- _Provided entries_

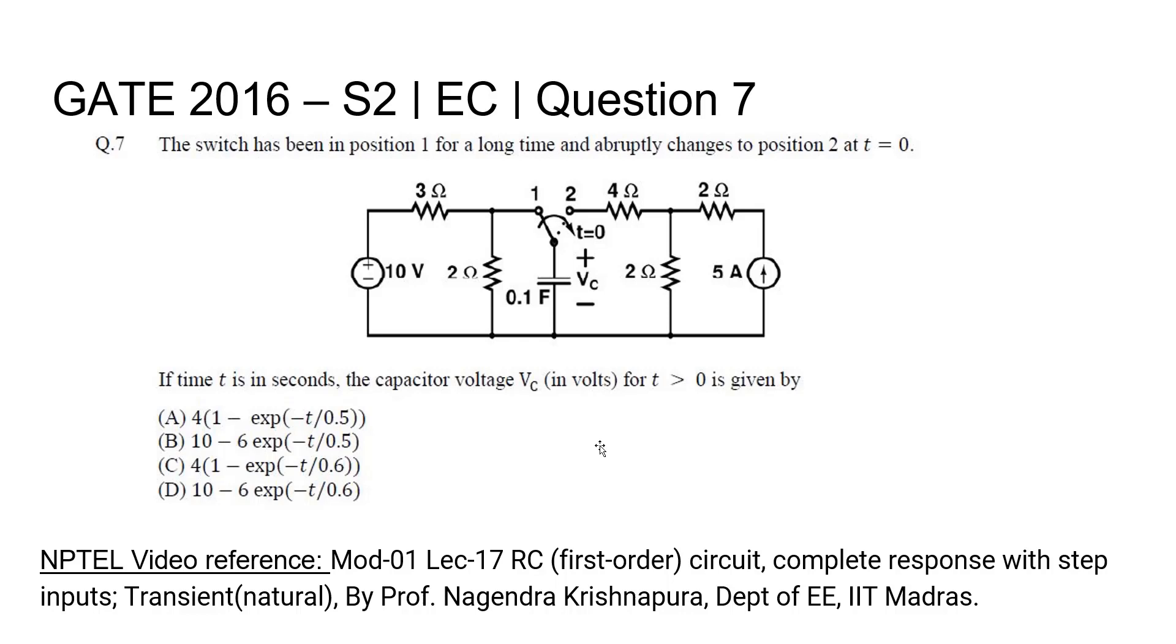Question 7, Electronics and Communication Engineering, GATE 2016 Set 2. The switch has been in position 1 for a long time and it abruptly changes to position 2 at time t equal to 0.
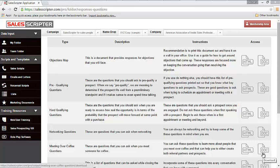At SalesScripter, we operate with the mindset that you improve results by being prepared for objections. You're going to face objections in just about every prospecting phone call and in most meetings when you meet with prospects.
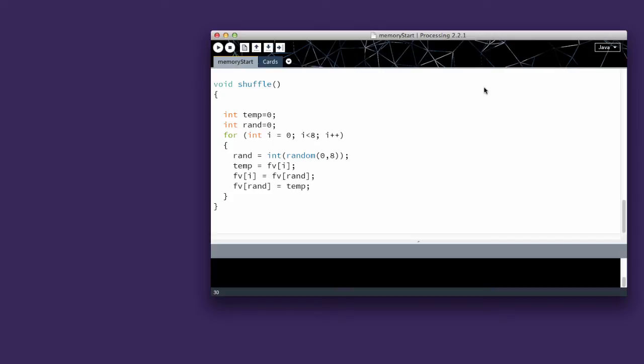In this step we're going to shuffle our cards. We create a shuffle function. I have two new integer variables, temp and rand, which will hold a random number.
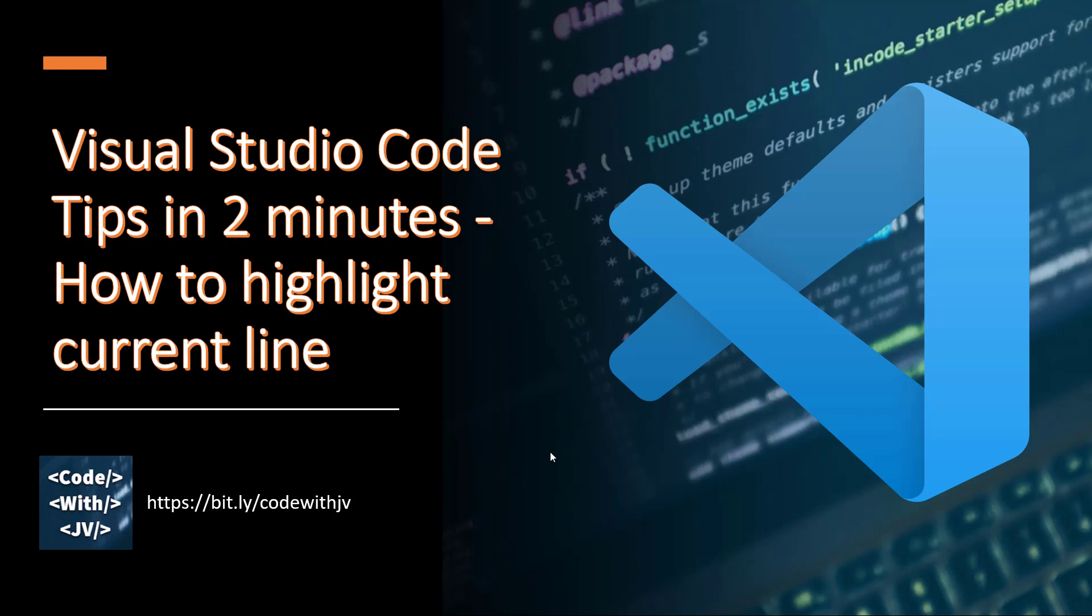Hello fans, this is Chalpesh here and welcome again to my channel Code with Jerry. In this video we are going to see how we can highlight the current line in VS Studio Code.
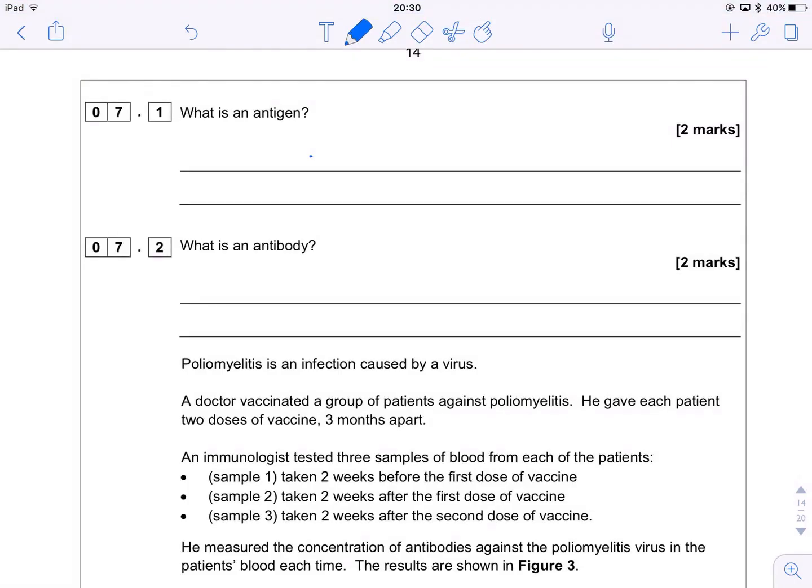Hi guys, Mr Pollock Biology here once again with the paper 1, set 2, super secret teacher edition, specimen materials for the new AQA A level. Actually this exam is going to be tomorrow, so I'm sorry this has been a little bit late, but I'm sure you guys will appreciate it nonetheless. This is an immunity question and we're going to dive straight in.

- _What you need to do_
The range to set down runs from the line containing "At SalesScripter, we" through the final line of the data, both ends included; give it exactly and drop the pictures.

- _Response to the task_
At SalesScripter, we operate with the mindset that you improve results by being prepared for objections. You're going to face objections in just about every prospecting phone call and in most meetings when you meet with prospects.
In this step we're going to shuffle our cards. We create a shuffle function. I have two new integer variables, temp and rand, which will hold a random number.
Hello fans, this is Chalpesh here and welcome again to my channel Code with Jerry. In this video we are going to see how we can highlight the current line in VS Studio Code.
Hi guys, Mr Pollock Biology here once again with the paper 1, set 2, super secret teacher edition, specimen materials for the new AQA A level. Actually this exam is going to be tomorrow, so I'm sorry this has been a little bit late, but I'm sure you guys will appreciate it nonetheless. This is an immunity question and we're going to dive straight in.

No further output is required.